From Rust to reality: The hidden journey of fetch_max

(questdb.com)

71 points | by bluestreak 2 hours ago

4 comments

tux3 17 minutes ago
This blog sent me into a memory models rabbit hole again. Each time I end up feeling like I'm finally starting to get it, only for a 6 line litmus test with 4 loads and 2 stores to send me crashing back down.
It makes me feel a little better reading about the history of memory models in CPUs. If this stuff wasn't intuitive to Intel either, I'm at least in good company in being confused (https://research.swtch.com/hwmm#path_to_x86-tso)
I actually knew about fetch_max from "implementing" the corresponding instruction (risc-v amomax), but I haven't done any of the fun parts yet since my soft-CPU still only has a single core.
jerrinot 1 hour ago
Hi, author here. My superpower is spending unreasonable amounts of time researching things with no practical purpose. Occasionally I blog about it - as a warning to others.
[-]
- trws 26 minutes ago
  I liked the article. I saw your PS that we added it to the working draft for c++26, we also made it part of OpenMP as of 5.0 I think. It’s sometimes a hardware atomic like on arm, but what made the case was that it’s common to implement it sub-optimally even on x86 or LL-SC architectures. Often the generic cas loop gets used, like in your lambda example, but it lacks an early cutout since you can ignore any input value that’s on the wrong side of the op by doing a cheap atomic read or just cutting out of the loop after the first failed CAS if the read back shows it can’t matter. Also can benefit from using slightly different memory orders than the default on architectures like ppc64. It’s a surprisingly useful op to support that way.
  If this kind of thing floats your boat, you might be interested in the non-reading variants of these as well. Mostly for things like add, max, etc but some recent architectures actually offer alternate operations to skip the read-back. The paper calls them “atomic reduction operations” https://www.open-std.org/jtc1/sc22/wg21/docs/papers/2025/p31...
- Ethee 59 minutes ago
  It's these kinds of posts that I appreciate reading the most, so thank you for sharing!
- owls-on-wires 38 minutes ago
  “…no practical purpose” Nonsense, I learned something about compilation today. Thank you for sharing.
yshui 1 hour ago
That's a cool find.

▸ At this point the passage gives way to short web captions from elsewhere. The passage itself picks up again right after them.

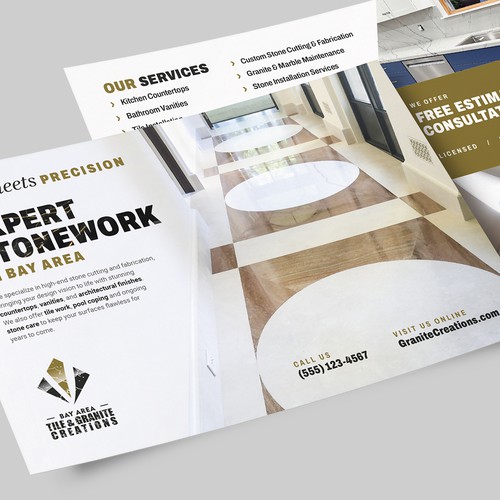 Marble design with the title 'Outstanding Postcard Design for Granite Creations'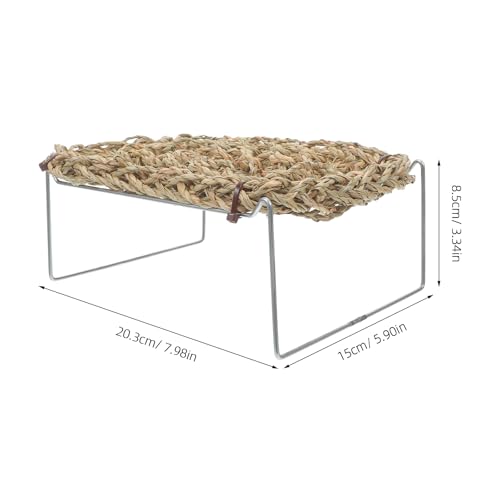 COLLBATH Bearded Dragon Hammock and Reptile Lounger with Natural Seagrass Basking Platform, Small Rectangle Pet Bed for Lizards, Geckos, and Frog Tank Habitat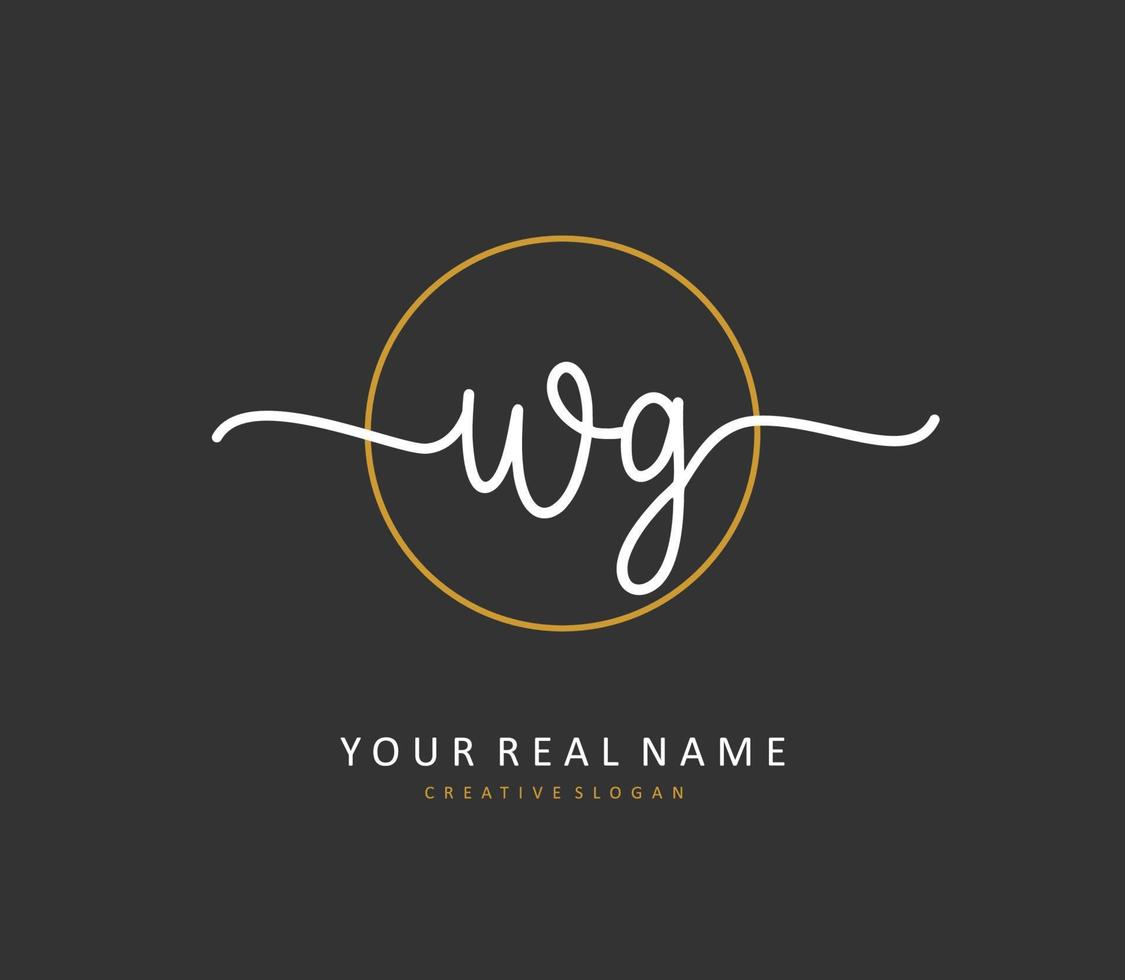 wg iniziale lettera grafia e firma logo. un' concetto grafia iniziale logo con modello elemento. vettore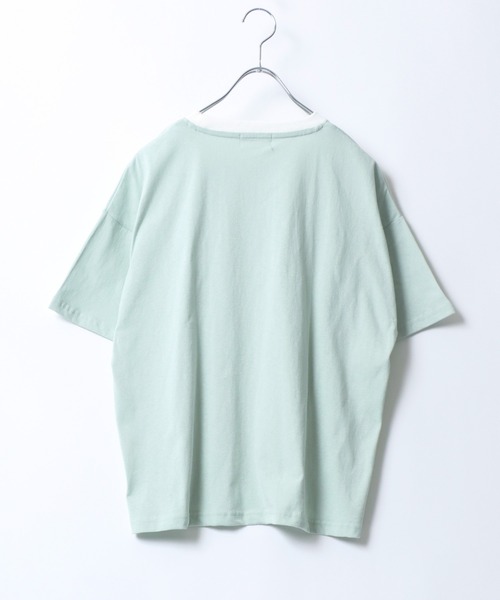 CONVERSE(コンバース)の「CONVERSE(コンバース)カレッジロゴ ハイカットシューズプリント リンガーTシャツ(Tシャツ/カットソー・レディース・スミクロ/イエロー/グリーン/ブルー・M/L)」の5枚目の写真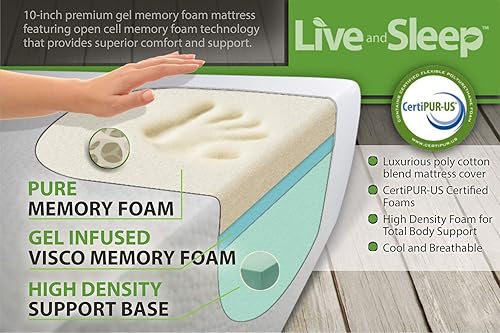 Miniatura 6 de Live and Sleep Resort Elite Colchón de espuma viscoelástica de gel refrigerante de 10 pulgadas con almohada de espuma viscoelástica, Memory Foam
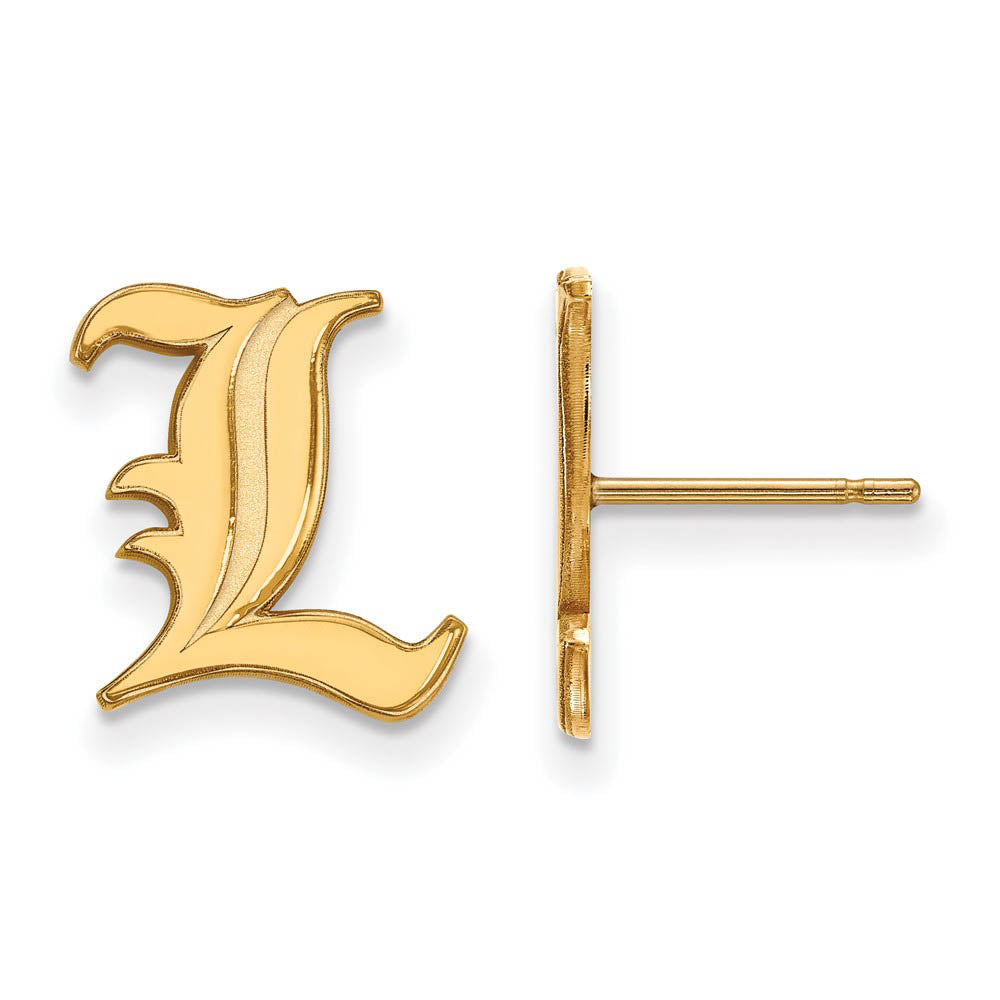 14k Gold Plated Silver University of Louisville SM Post Earrings, Item E15052 by The Black Bow Jewelry Co.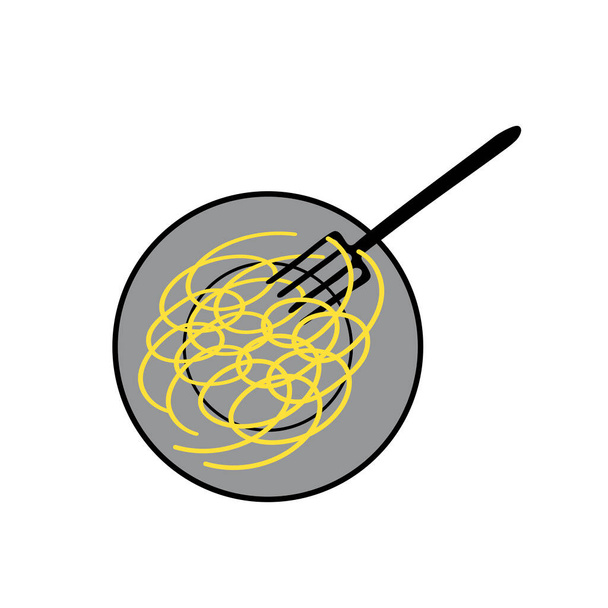 Fekete kézzel rajzolt vázlatos lapos vektor illusztráció forró spagettiről a tányéron villával. Sárga és szürke - Vektor, kép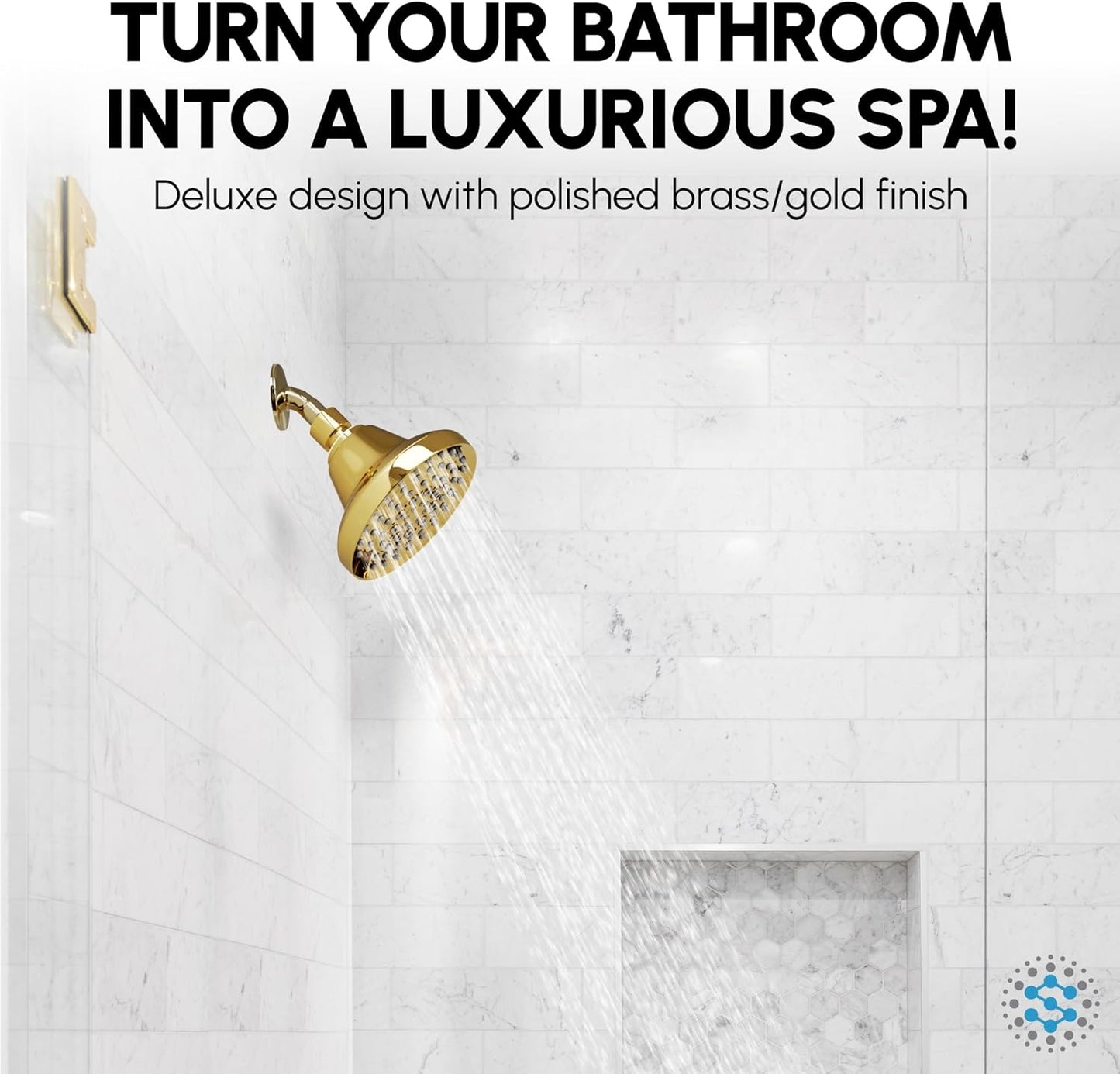 Luxury Spa: Imperialshine Gold Shower Head, 5 Inch 6 Spray Adjustable High Pressure Showerhead with 360 Degree Tilt, Experience Comfort and Elegance (Polished Brass/Imperialshine Gold)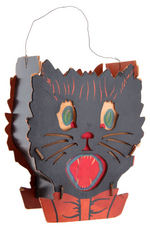 HALLOWEEN BLACK CAT DIE-CUT LANTERN AND FIGURAL PAIR.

I wonder if LLVM also does the other way around operation, where it pattern matches handwritten CAS loops and transform them into native ARM64 instructions.
[-]
- jerrinot 57 minutes ago
  That's a very good question. A proper compiler engineer would know, but I will do my best to find something and report back.
  Edit: I could not find any pass with a pattern matching to replace CAS loops. The closest thing I could find is this pass: https://github.com/llvm/llvm-project/blob/06fb26c3a4ede66755... I reckon one could write a similar pass to recognize CAS idioms, but its usefulness would be probably rather limited and not worth the effort/risks.
IshKebab 1 hour ago
Yeah this comes from ARM and AXI, which has atomic max (and min, add, set, clear and xor). I assume ARM has all the corresponding instructions. RISC-V also has all of these in Zaamo.